Transcribe the listing below verbatim, omitting pictures.

**Data shown:**
>>>

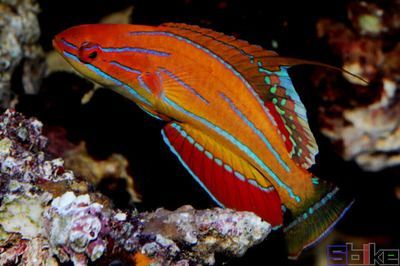 粉紅色的龍魚（粉紅龍魚的飼養(yǎng)方式）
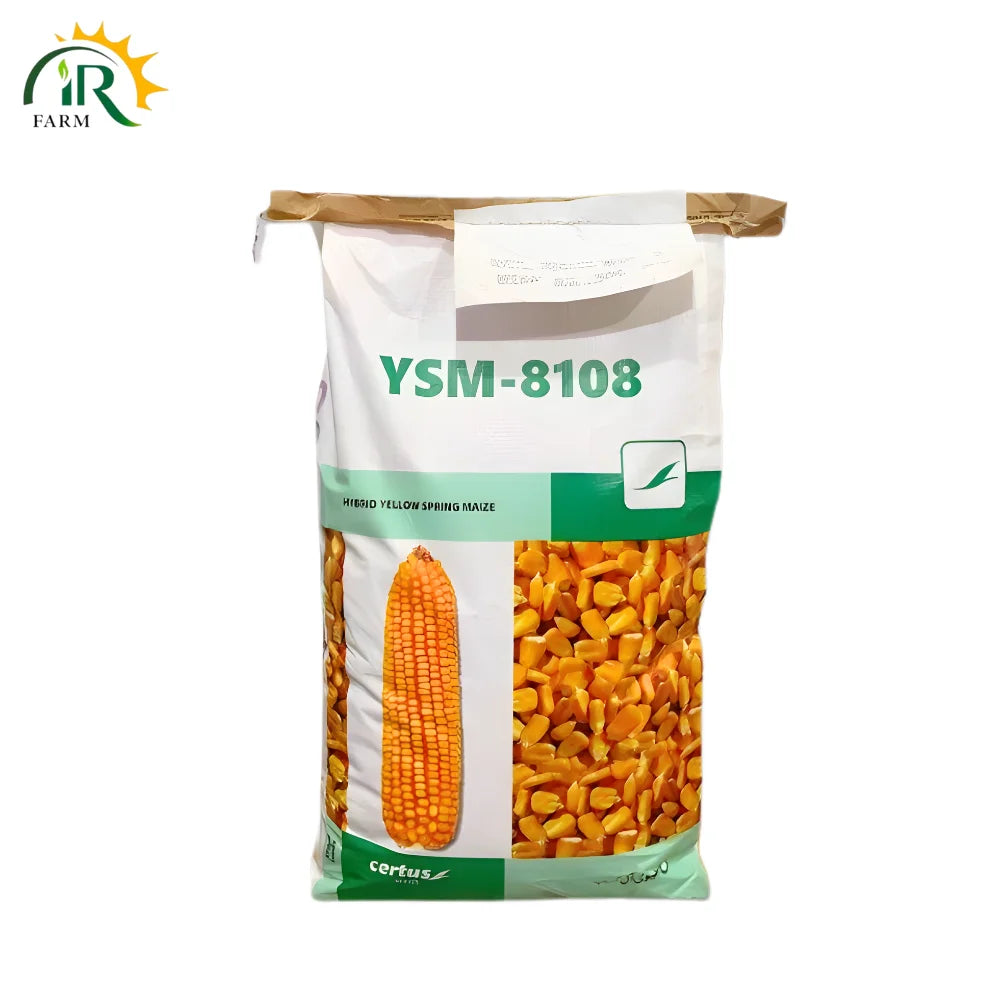 Best YSM 8108 Hybrid Corn Seed for Maximum Silage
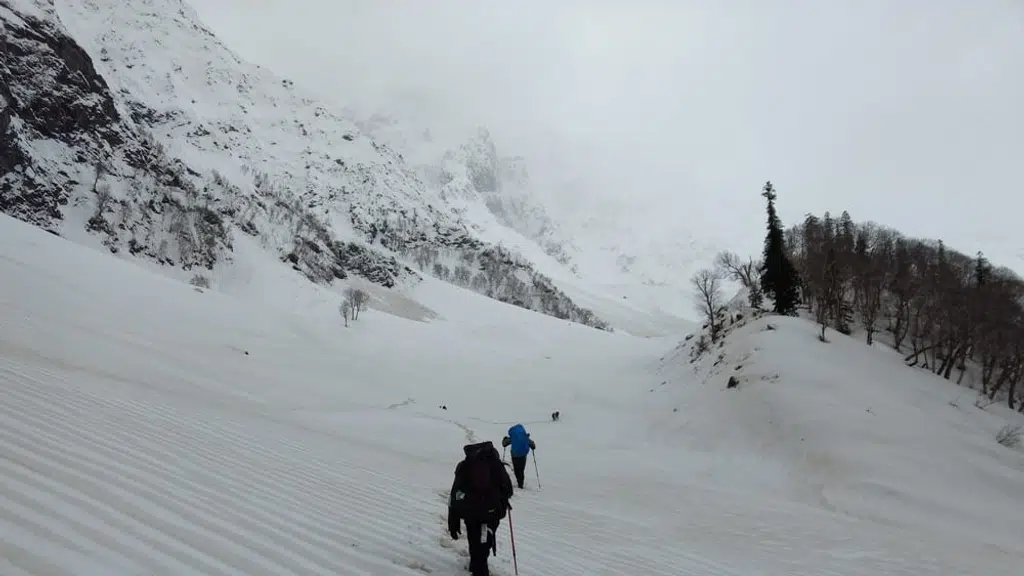 Himalayan Blue Sheep Tours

<<<

**Response:**
 粉紅色的龍魚（粉紅龍魚的飼養(yǎng)方式）
 Best YSM 8108 Hybrid Corn Seed for Maximum Silage
 Himalayan Blue Sheep Tours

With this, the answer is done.